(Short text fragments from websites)
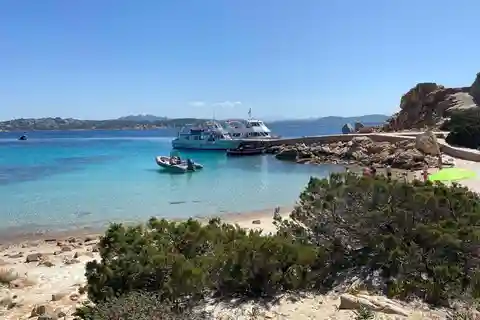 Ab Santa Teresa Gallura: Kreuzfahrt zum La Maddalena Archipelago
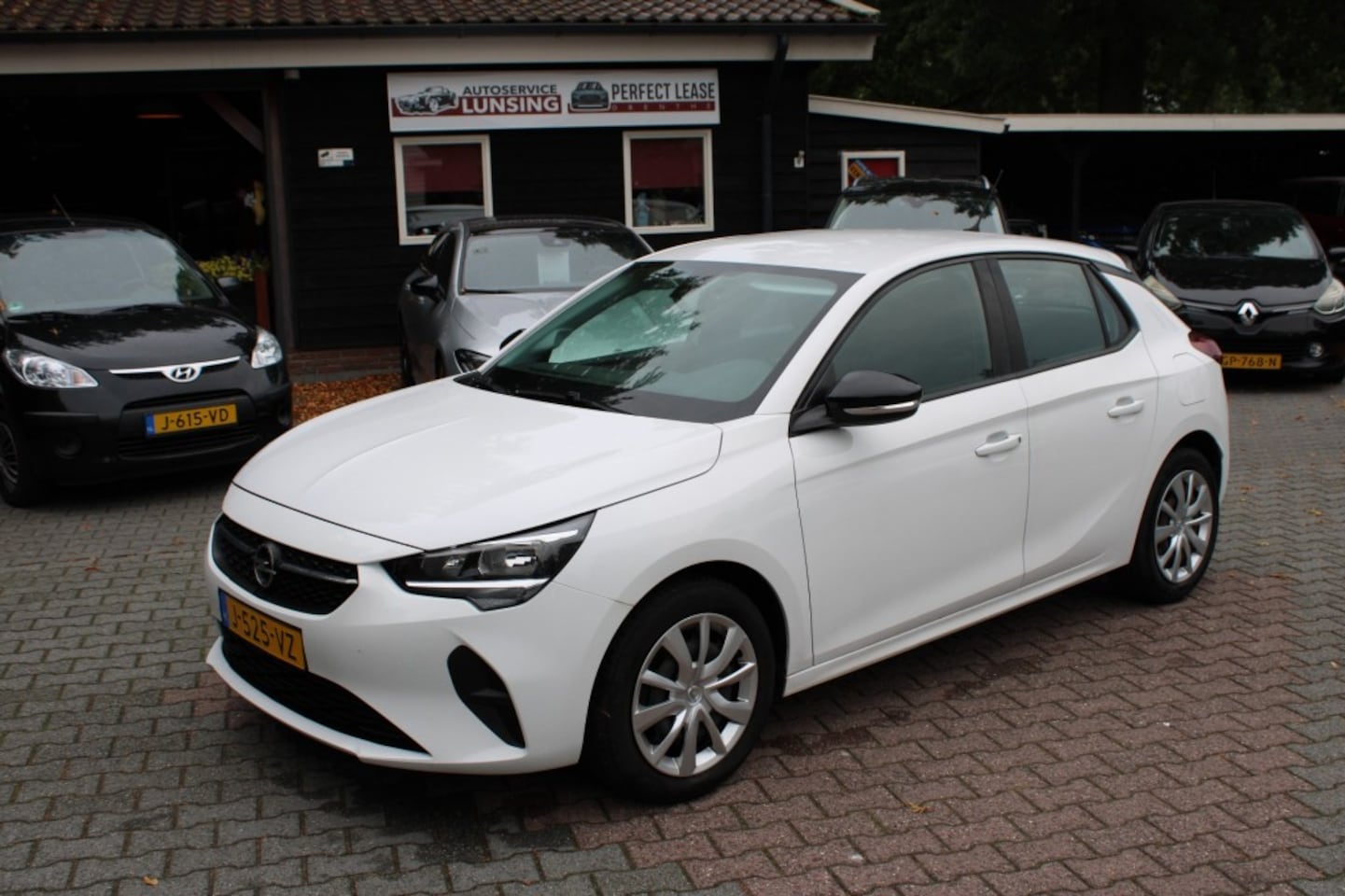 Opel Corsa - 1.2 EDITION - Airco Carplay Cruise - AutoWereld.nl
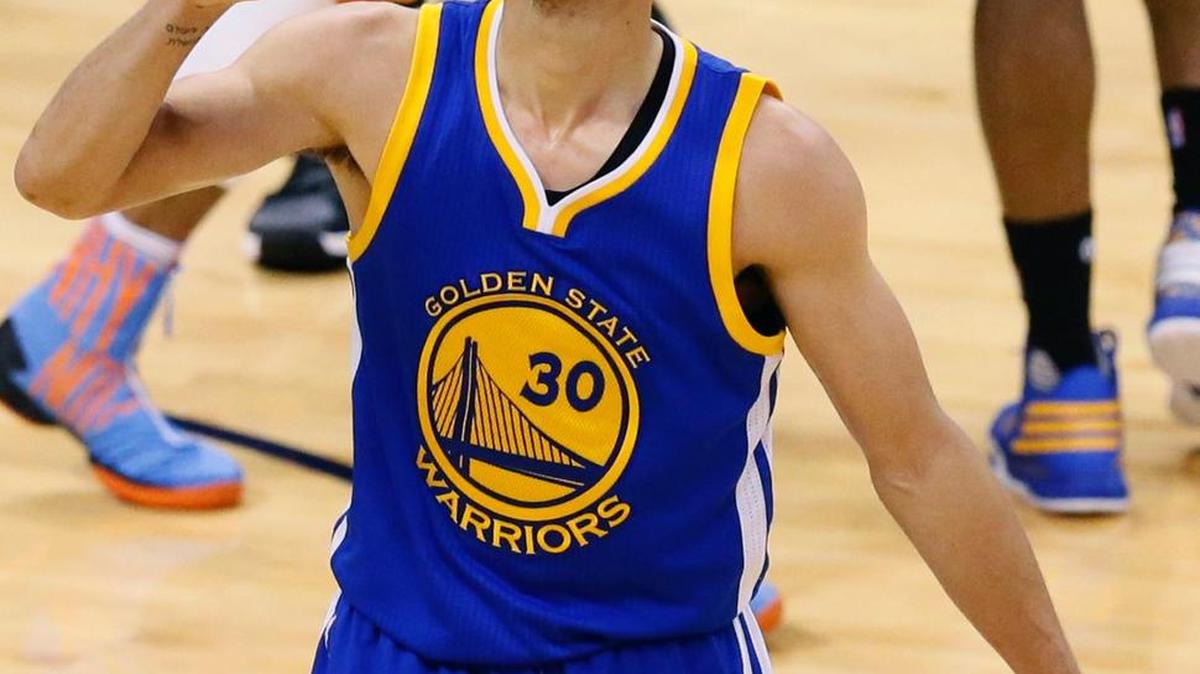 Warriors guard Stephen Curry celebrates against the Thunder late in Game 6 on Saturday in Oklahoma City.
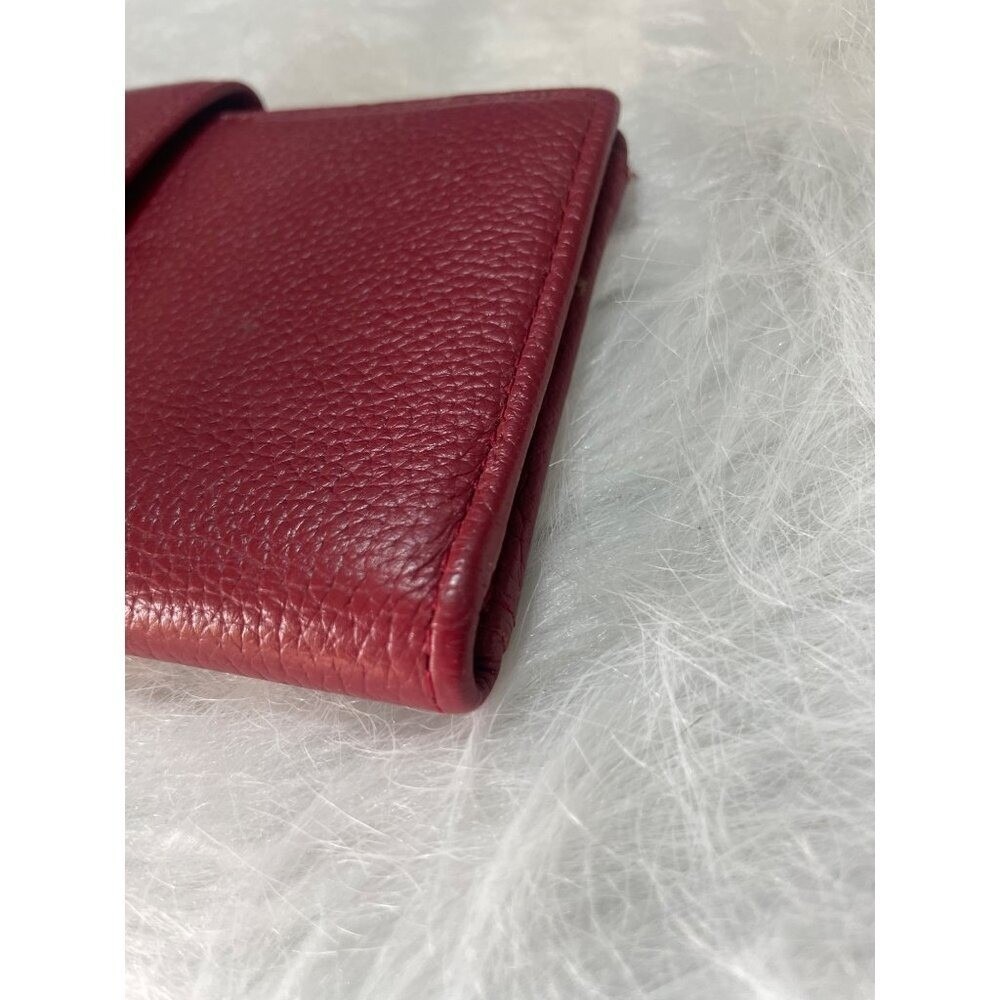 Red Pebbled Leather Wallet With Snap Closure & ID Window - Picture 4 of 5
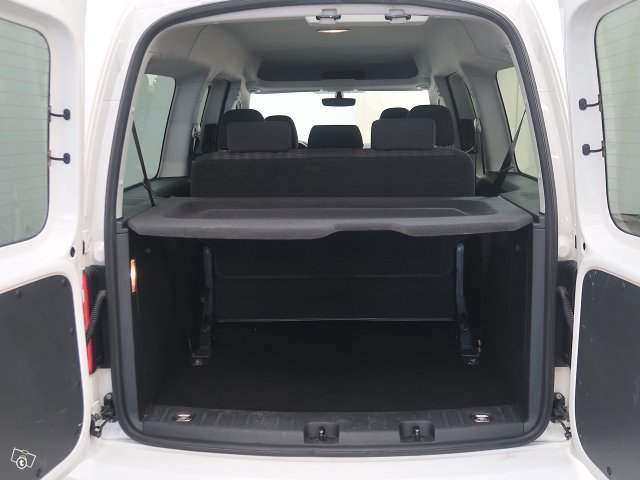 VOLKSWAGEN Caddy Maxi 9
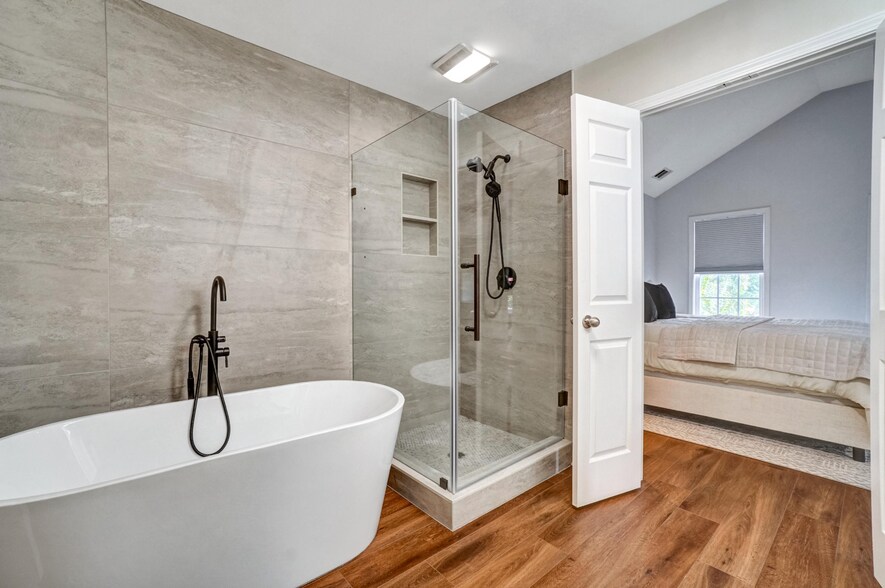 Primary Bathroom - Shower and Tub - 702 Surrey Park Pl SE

◆ Instructions to follow: Return nothing except the lines from the line with "Opel Corsa - 1.2" through the last line of the records above, copied exactly and without pictures.

◆ Your response:
 Opel Corsa - 1.2 EDITION - Airco Carplay Cruise - AutoWereld.nl
 Warriors guard Stephen Curry celebrates against the Thunder late in Game 6 on Saturday in Oklahoma City.
 Red Pebbled Leather Wallet With Snap Closure & ID Window - Picture 4 of 5
 VOLKSWAGEN Caddy Maxi 9
 Primary Bathroom - Shower and Tub - 702 Surrey Park Pl SE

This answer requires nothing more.